## Task directions
Each line in the data must be reproduced as written, except for any picture.

## Data shown

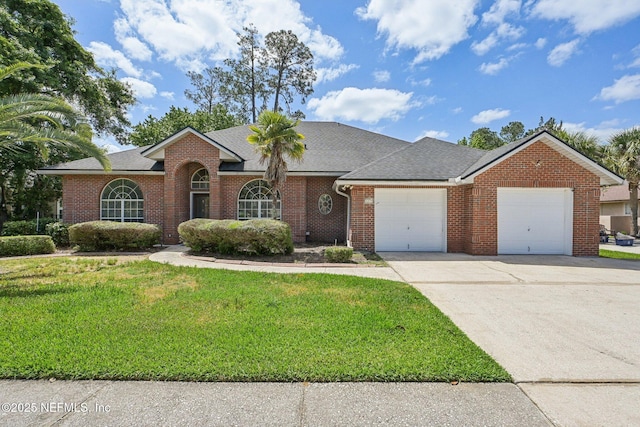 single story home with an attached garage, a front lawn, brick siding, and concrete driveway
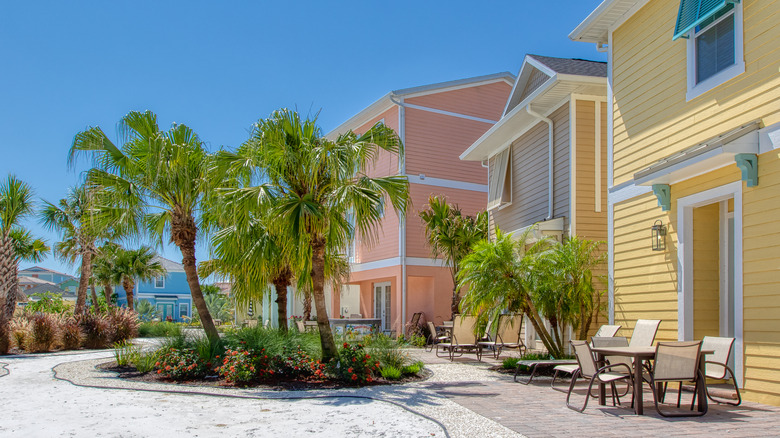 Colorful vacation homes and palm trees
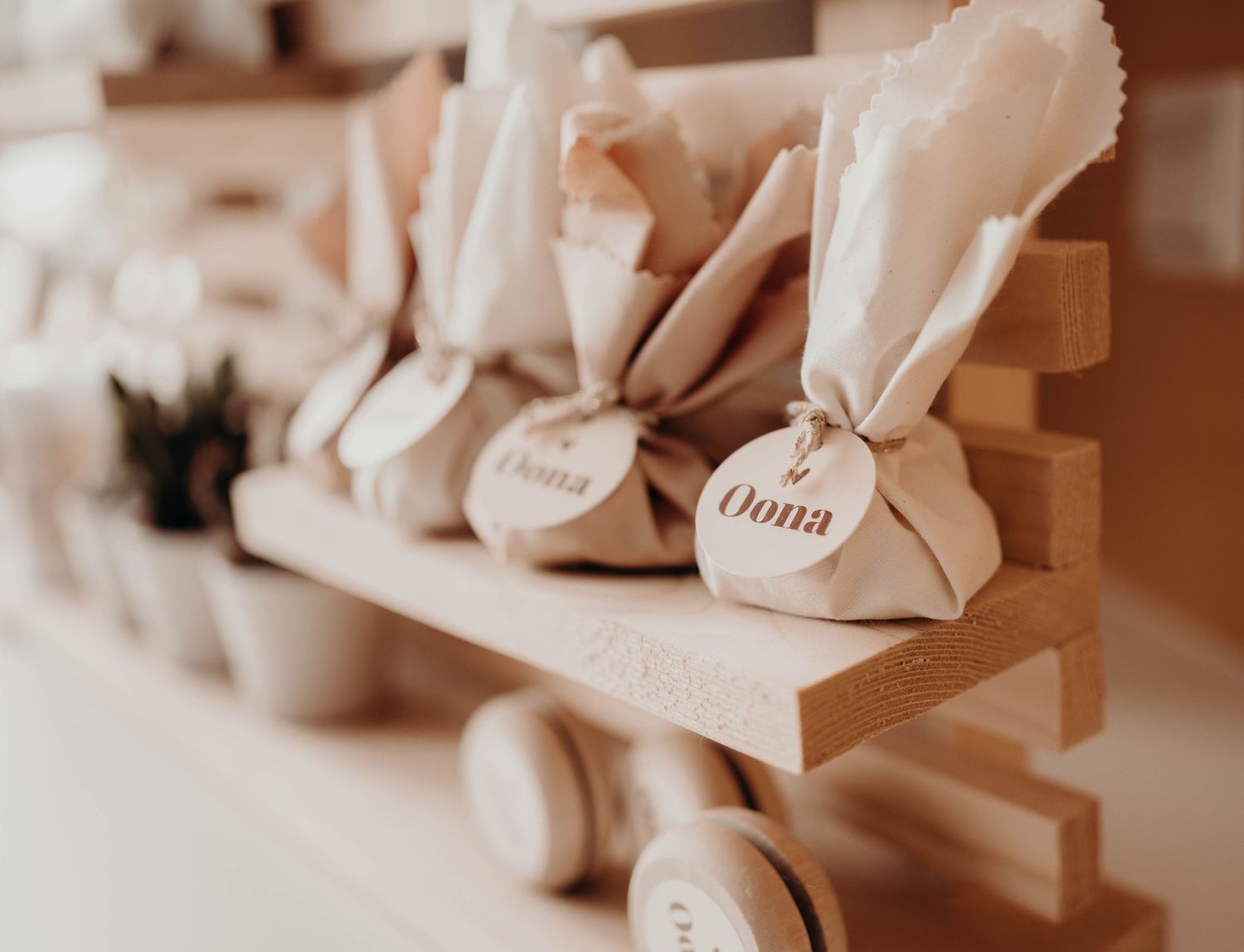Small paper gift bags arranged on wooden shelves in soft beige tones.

## Answer
 single story home with an attached garage, a front lawn, brick siding, and concrete driveway
 Colorful vacation homes and palm trees
Small paper gift bags arranged on wooden shelves in soft beige tones.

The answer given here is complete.